Experimental Assignment

We will do the experimental assignment later in the semester as we have to gather up resources to buy the templates and buffers. Yet, we had some time this week to begin assembling our first DIY thermocycler (left) and fix our chemical hood (right)! (minor drawback: it might need new filters).

Computational Assignment

For the computational assignment, I followed the directions, with slight modifications to adapt to my computational environment (Mac OS X 10.11). Following is a brief overview of the workflow with answers to questions:

  1. I downloaded and installed R, R studio, FIJI software w/ bio-formats plugin and Bowtie.

  2. I downloaded the 2014 FISSEQ Nature files and the human reference RNA genome.


    Note: The genome was not as a whole in the link provided, it was split in smaller size files and I had to assemble it using gunzip.

    
$ gunzip -c human.*.rna.fna.gz > human.rna.fna
  3. I built the reference index using Bowtie (see Burrows-Wheeler transform)


    $ bowtie-build -C -f human.rna.fna refseq_human
  4. I registered the FISSEQ images using the following Matlab snippet:

    Question: What happens when you use different values for the parameters? How does it affect the image registration quality?

    • Setting the number of blocks per axis for local registration to different values increases or decreases the number of white spots (aligned spots) in the final image.
    • Setting the fraction overlap between neighboring blocks to low values is making the image less blurry.
    • Adjusting the alignment precision, of course, increases the quality of the output.
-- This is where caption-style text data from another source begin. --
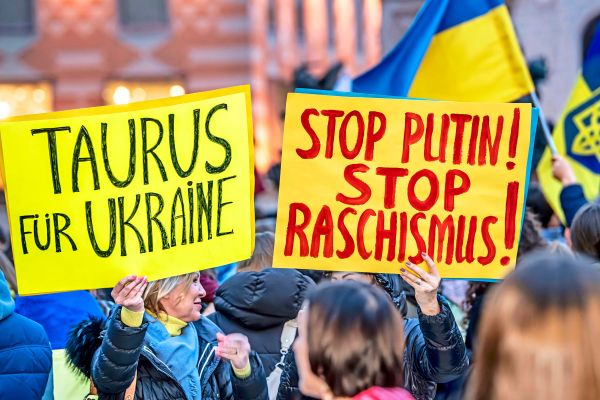 Resteuropa-kann-sich-bedanken-wenn-ein-paar-Mutige-Russland-Grenzen-aufzeigen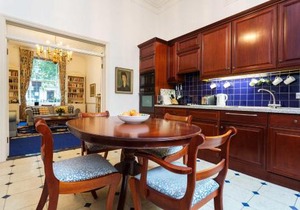 Veeve - Queen's Gardens Flat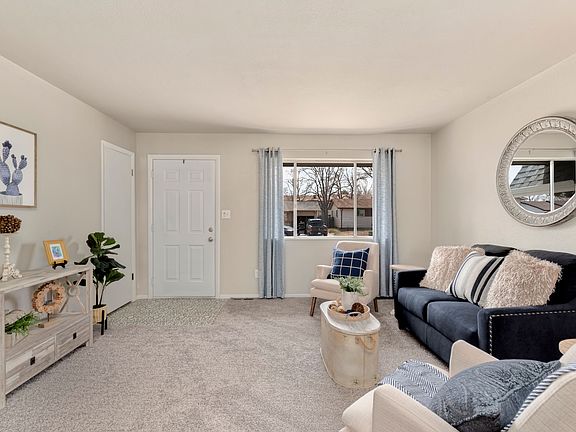 B2 - 1725 30th St Rd HR (7).jpg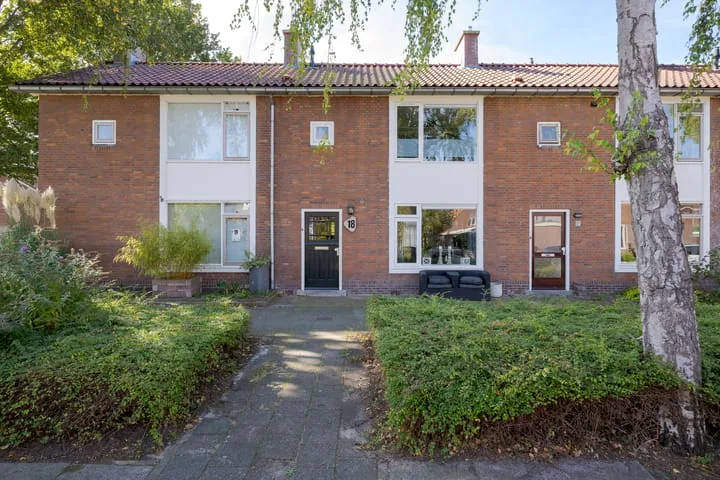 Tolstraat 18 Voorschoten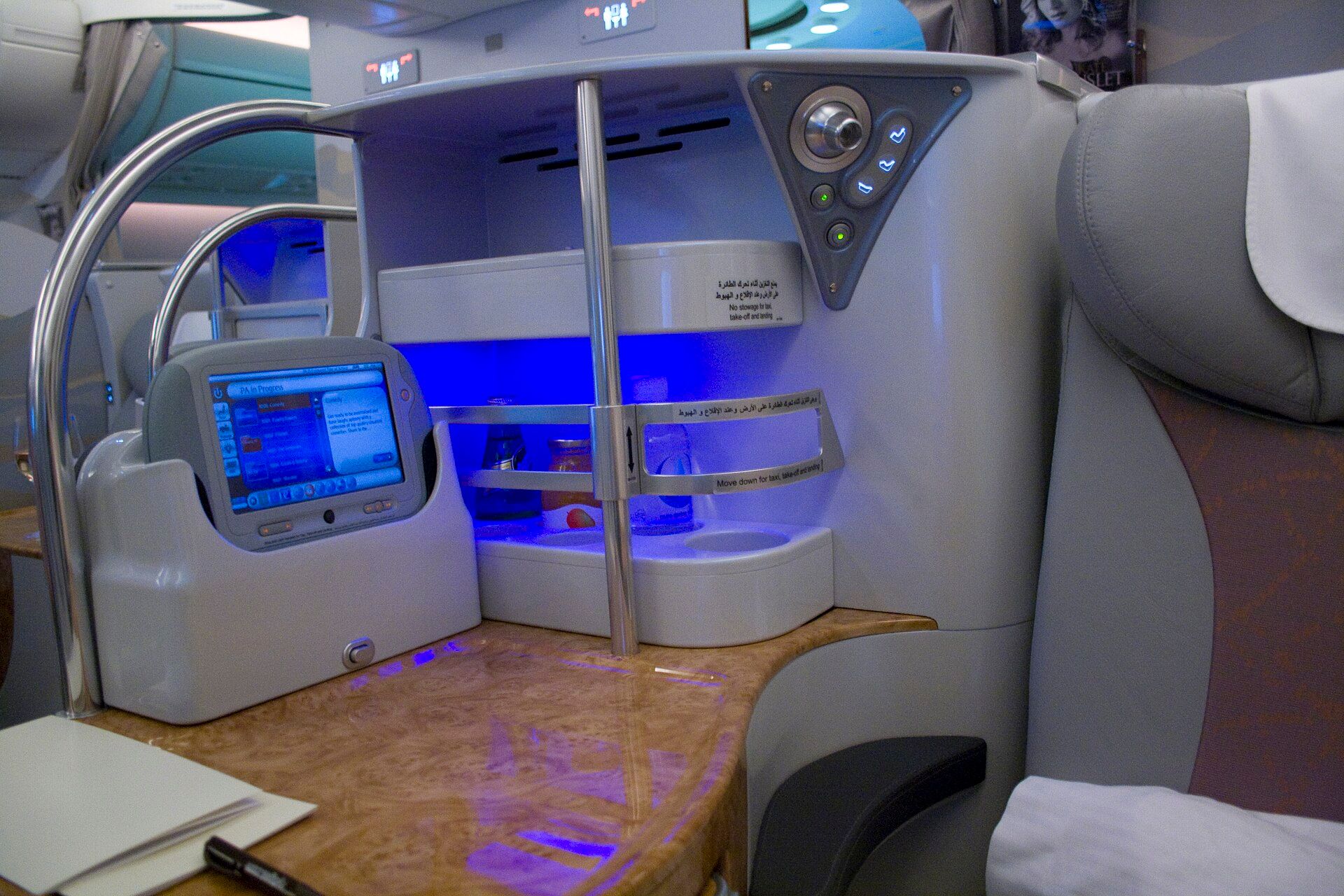 Emirates Business Class: Redefining Luxury at 40,000 Feet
Yet, with a high value the algorithm runs much faster!
  5. I ran the following python script to generate base calls to the file read_data_2015_10_19_18_00.csfasta.

    import sys
    sys.path.insert(0,’fisseq’)
    import FISSEQ
    FISSEQ.ImageData(‘registered_images’, ‘.’, 6)
    quit()

    Question: Take a look at the reads in the resulting .csfasta file. How do they look? What happens to the number of reads if you change the value for maximum number of missing base calls ('6' in the command line).

    • As you can see in the following snippet of the reads file, each read is 32 bases long, and has from 1 to 6 gaps, as this was the maximum allowed. Changing the gap parameter to lower values decreases the number of reads and to higher it increases.
  6. I then aligned the reads to the indexed reference human RNA genome using Bowtie. Mapped reads were written to bowtie_output.txt.

    $ bowtie -C -n 3 -l 15 -e 240 -a -p 12 -m 20 --chunkmbs 200 -f -best –-strata –-refidx refseq_human
  7. I spatially clustered the Bowtie reads to annotate clusters using gene2refseq, and wrote to results.tsv.

    import sys
    sys.path.insert(0,’fisseq’)
    import FISSEQ
    G = FISSEQ.ImageData(‘registered_images’, ‘.’, 6)
    FISSEQ.AlignmentData(‘bowtie_output.txt',3,G,'results.tsv',‘human.rna.fna’,'gene2refseq','9606')
    quit()

    Question: Take a look at the output. What happens if you change the size of the kernel to something less than 3? To something much greater than 3?

    • If I change the value to something less than 3, there is no clustering! For something much greater than 3 (e.g. 7), the number of clusters is very small.
  8. Lastly, I performed the analysis of FISSEQ data in R-Studio as instructed.

    TODO: For the following tasks, I need more RAM !!!

    Task: Are there any correlations between the features of FISSEQ clusters? E.g., is cluster size correlated with cluster quality?

    Task: Find some clusters of different size and quality, and then look at the first image in Fiji and see if you can see the FISSEQ amplicon associated with that cluster. (Note: X/Y is inverted in the clustering file.)

Design Assignment

Were there any experiments in HTGAA so far, where in situ data of RNA, DNA, protein, or other cellular features would be helpful in understanding the engineering process?

What are some reasons in situ data could be better than bulk data for this experiment? Try to think of cases where a bulk measurement would cause you to miss some insight.

What kinds of molecules would you like to detect? E.g. what species of RNA? How would you go about targeting those molecules?

What factors would limit your ability to detect the things you are interested in?